Oli iterated his invitation — first extended during their telephone conversation on New Year’s Day — and said the time had come to resolve all pending issues between India and Nepal through dialogue. Modi responded that he looked forward to visiting Nepal this year.
The possibility of a summit-level meeting comes at a time new irritants have crept into the bilateral relationship already strained by Nepal’s expanding ties with China. A key irritant pertains to the old differences over Kalapani — a 35km stretch at the tri-junction of India, Nepal and China — which were resurrected by the new maps issued by India in November after the bifurcation of Jammu and Kashmir came into effect.
Nepal’s foreign ministry called the decision to include it in the Pithoragarh district of Uttarakhand as unilateral, stating that the publication of the map when a joint ministerial commission has referred the matter to the foreign secretaries of the two sides for settlement was “not acceptable”. Kalapani — which has been controlled by the Indo-Tibetan Border Police since 1962 — is claimed by Nepal as part of the Darchula district.

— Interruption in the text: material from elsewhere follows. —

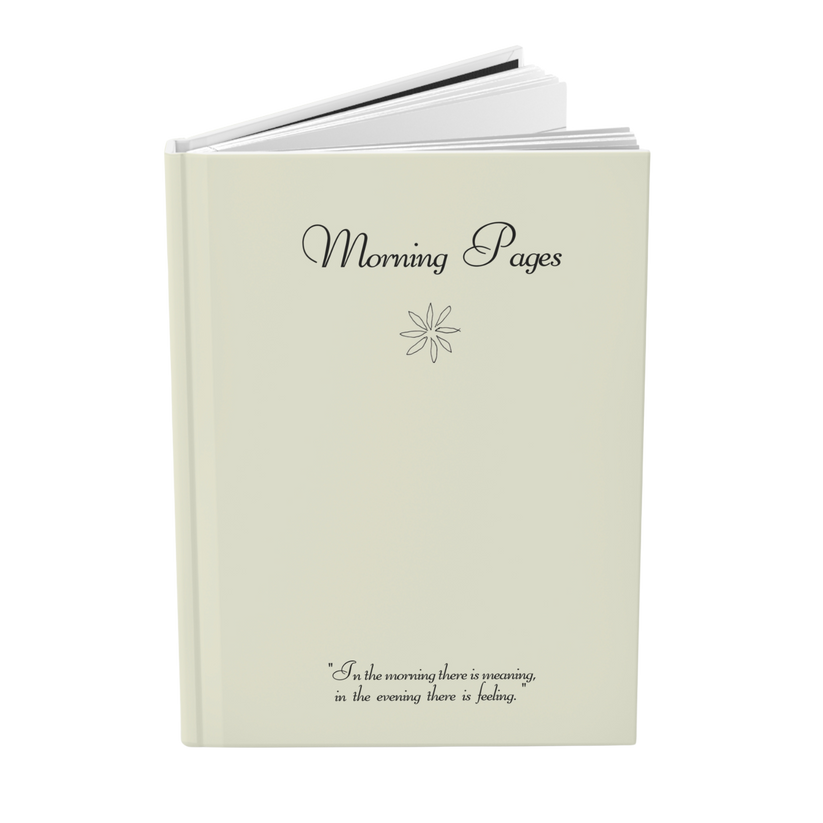 Gertrude Morning Pages Journal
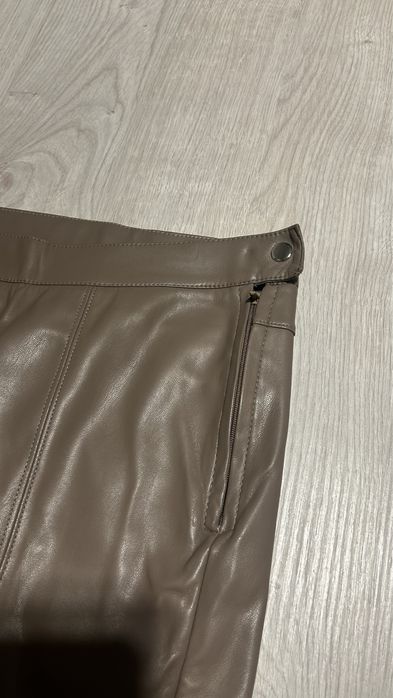 Топ з екошкіри, штани з екошкіри, лосини з екошкіри, лот речей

After Nepal red-flagged the new map, New Delhi insisted that it “accurately depicts the sovereign territory of India”, insisting it has in “no manner revised our boundary with Nepal”.
India also pledged commitment to the ongoing boundary delineation exercise with Nepal but sources conceded that not much work had been done on this front in recent years.
Add to this the delay in addressing Kathmandu’s long-standing demand to rework the 1950 India-Nepal Peace and Friendship Treaty which was signed when Nepal was a monarchy. The pact is seen by the Maoists there as favouring New Delhi.